_The task_
Return the material below exactly, but only from the line with "Подвес Odeon Light 5094/4LA GLESSI Подвес" through the line with "Uzman isimden Tokat", and without its pictures.

_Supplied entries_

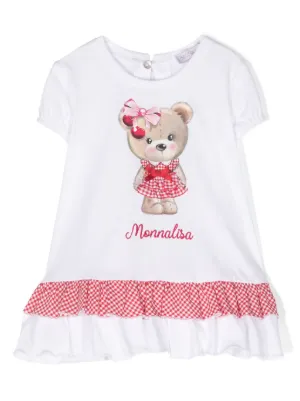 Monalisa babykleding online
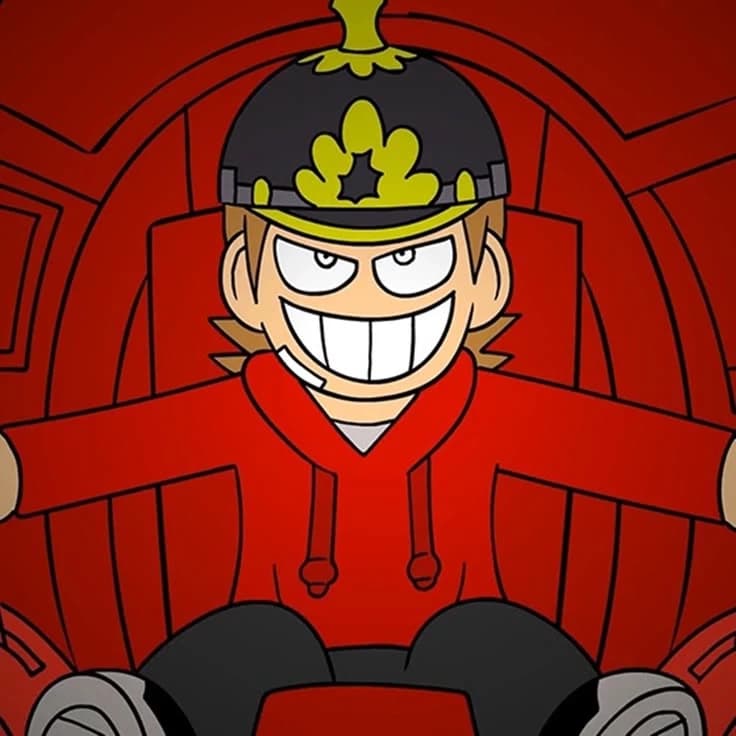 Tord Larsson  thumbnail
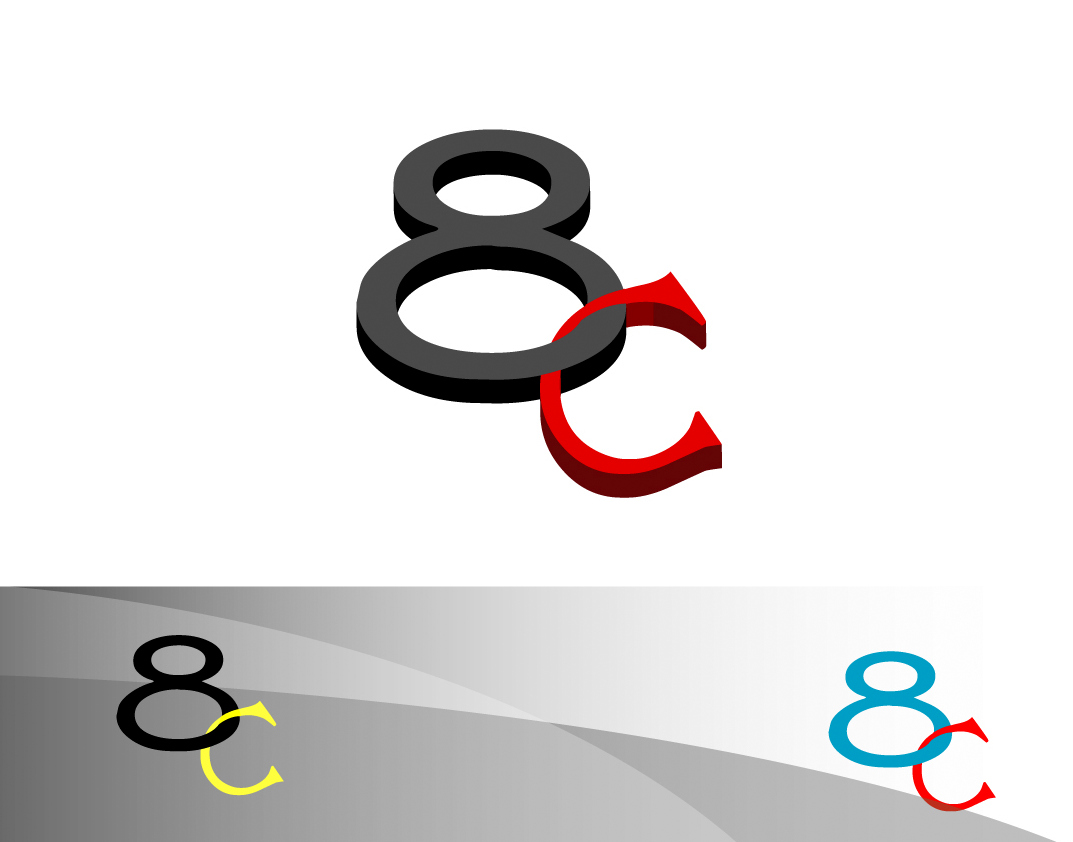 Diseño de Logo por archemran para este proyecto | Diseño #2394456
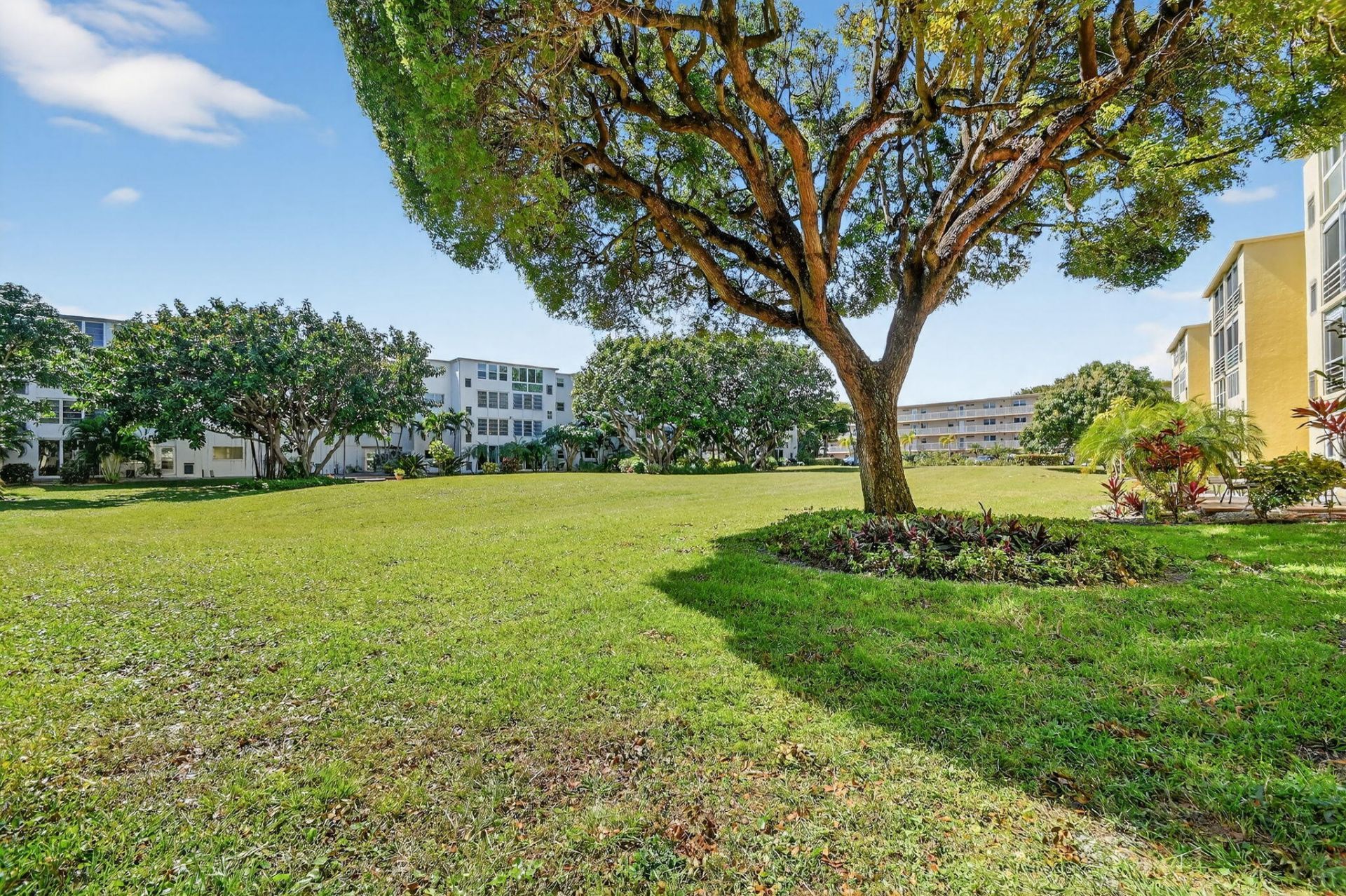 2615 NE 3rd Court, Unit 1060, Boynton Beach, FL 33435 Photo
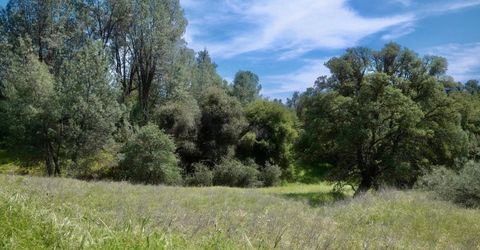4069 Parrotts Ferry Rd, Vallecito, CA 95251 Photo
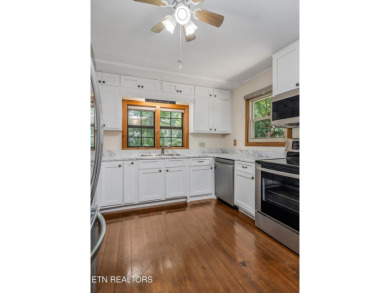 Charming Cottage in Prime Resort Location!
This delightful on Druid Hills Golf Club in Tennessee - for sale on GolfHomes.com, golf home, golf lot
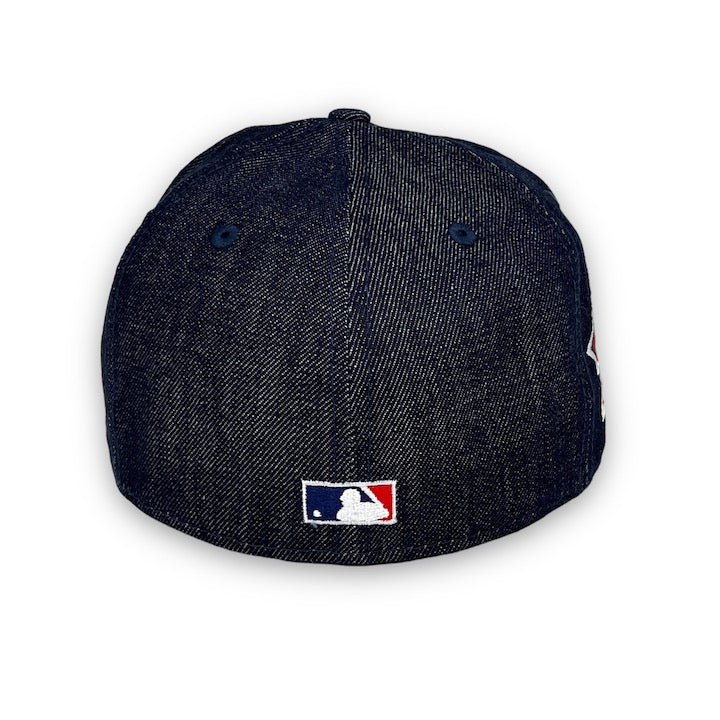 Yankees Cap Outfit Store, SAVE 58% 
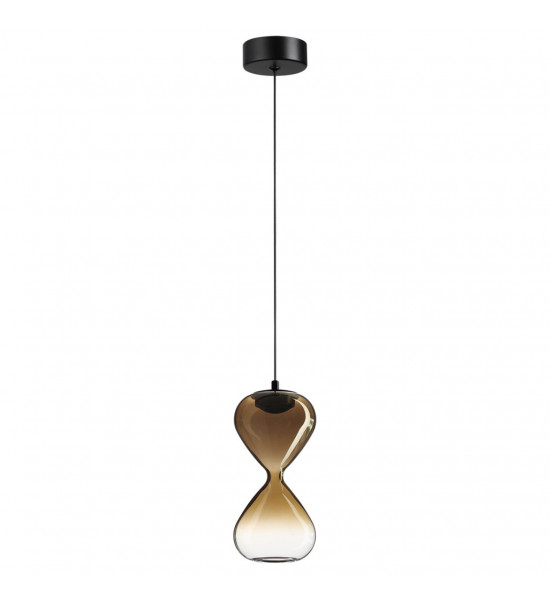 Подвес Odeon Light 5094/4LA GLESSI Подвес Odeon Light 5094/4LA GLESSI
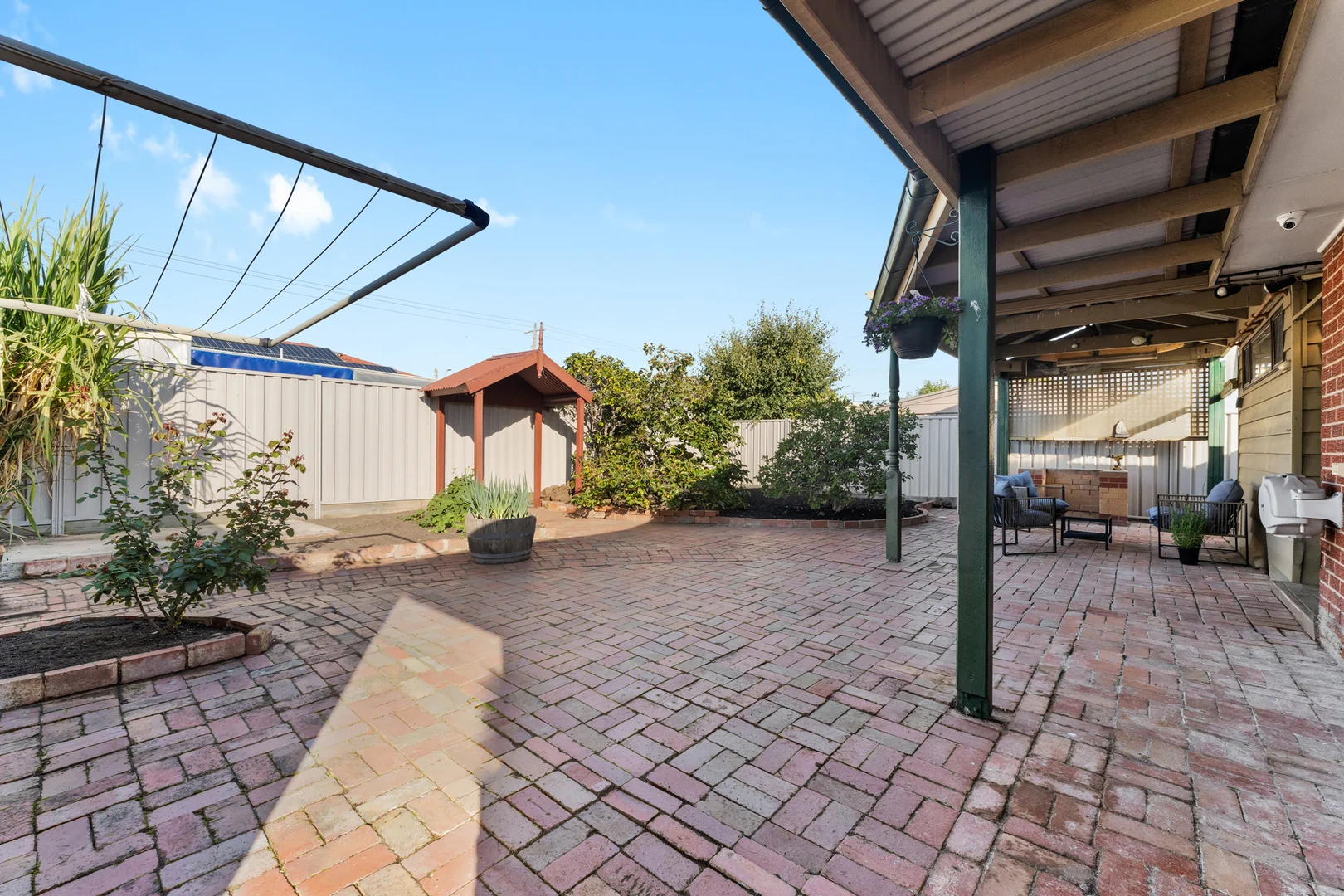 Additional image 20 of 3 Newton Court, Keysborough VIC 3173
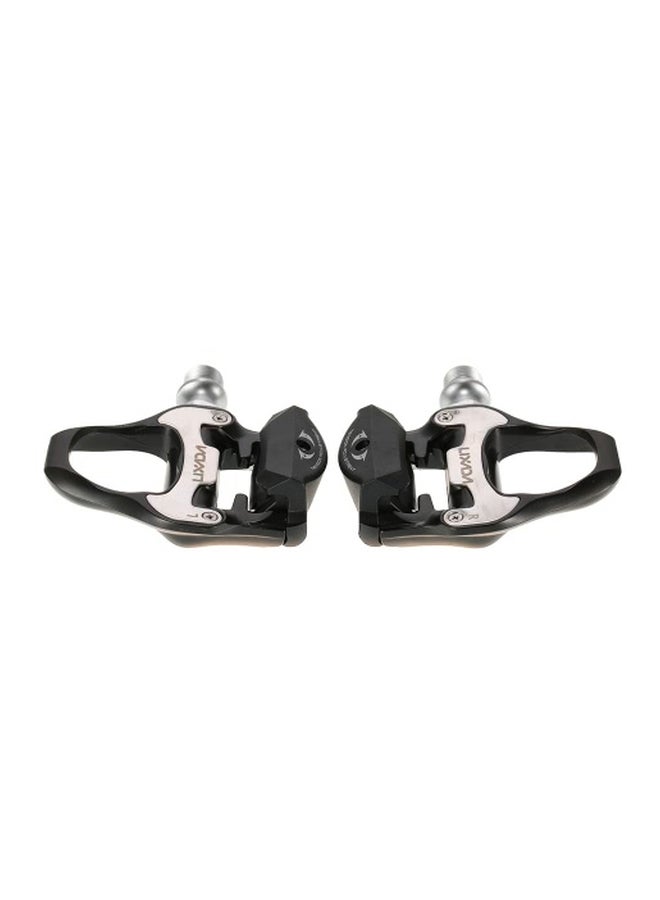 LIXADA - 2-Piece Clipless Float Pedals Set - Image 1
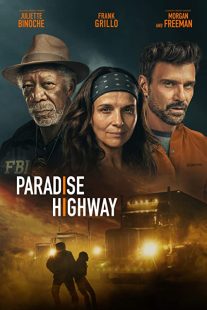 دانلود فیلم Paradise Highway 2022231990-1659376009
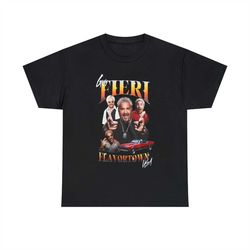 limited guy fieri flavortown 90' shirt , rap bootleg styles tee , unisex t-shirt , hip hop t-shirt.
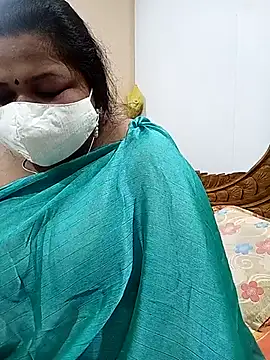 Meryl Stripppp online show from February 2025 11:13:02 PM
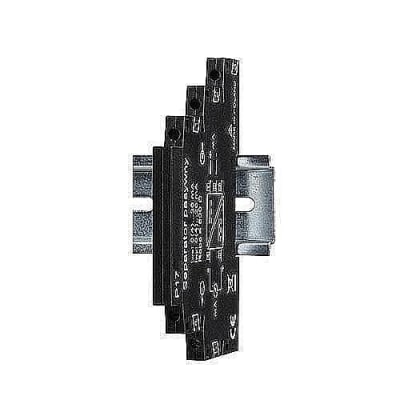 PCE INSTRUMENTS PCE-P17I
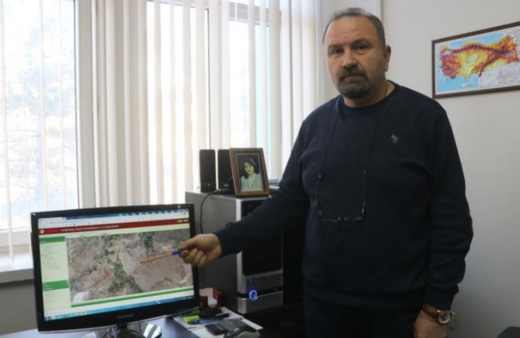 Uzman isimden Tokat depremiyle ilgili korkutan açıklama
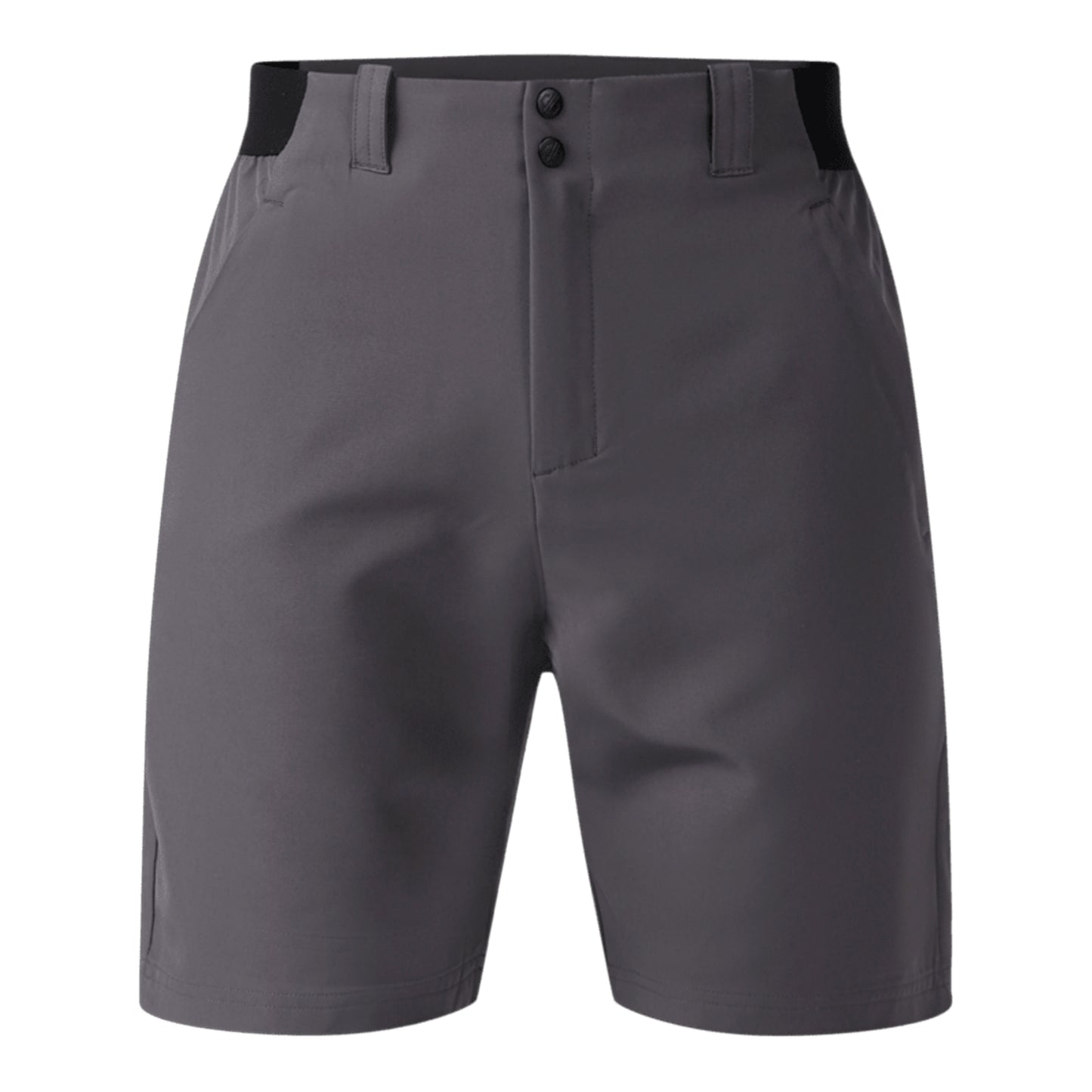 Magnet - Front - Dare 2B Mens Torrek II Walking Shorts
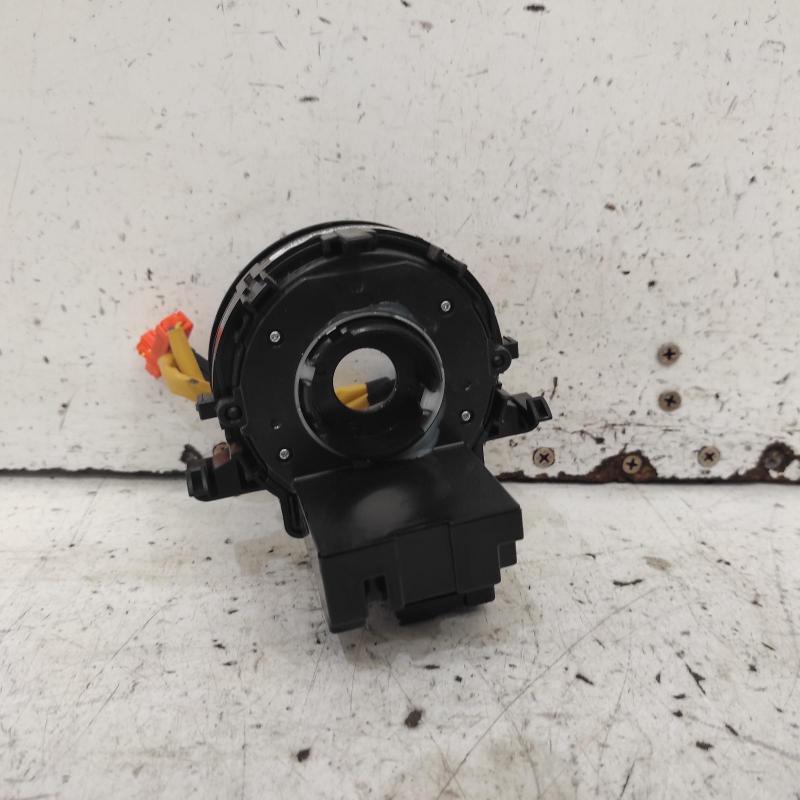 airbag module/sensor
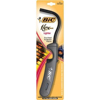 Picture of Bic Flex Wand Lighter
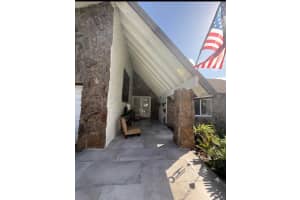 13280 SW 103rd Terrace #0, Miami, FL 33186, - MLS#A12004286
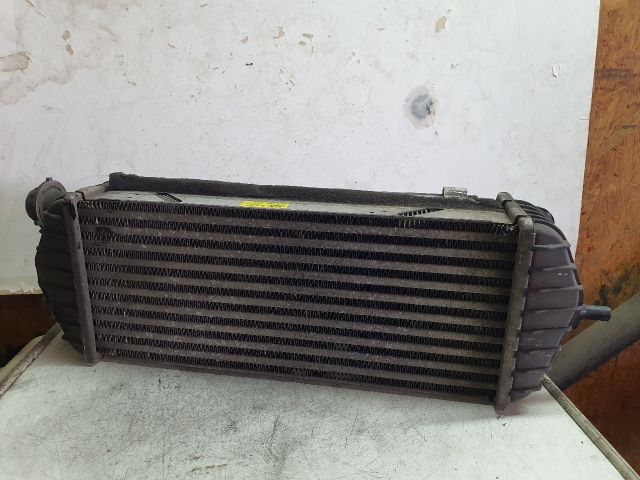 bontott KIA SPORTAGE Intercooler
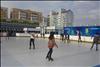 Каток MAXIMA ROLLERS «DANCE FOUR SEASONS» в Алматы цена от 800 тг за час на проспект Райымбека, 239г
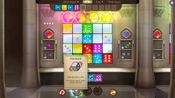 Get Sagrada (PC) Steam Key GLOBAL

_Exercise solution_
 Подвес Odeon Light 5094/4LA GLESSI Подвес Odeon Light 5094/4LA GLESSI
 Additional image 20 of 3 Newton Court, Keysborough VIC 3173
 LIXADA - 2-Piece Clipless Float Pedals Set - Image 1
 دانلود فیلم Paradise Highway 2022231990-1659376009
 limited guy fieri flavortown 90' shirt , rap bootleg styles tee , unisex t-shirt , hip hop t-shirt.
 Meryl Stripppp online show from February 2025 11:13:02 PM
 PCE INSTRUMENTS PCE-P17I
 Uzman isimden Tokat depremiyle ilgili korkutan açıklama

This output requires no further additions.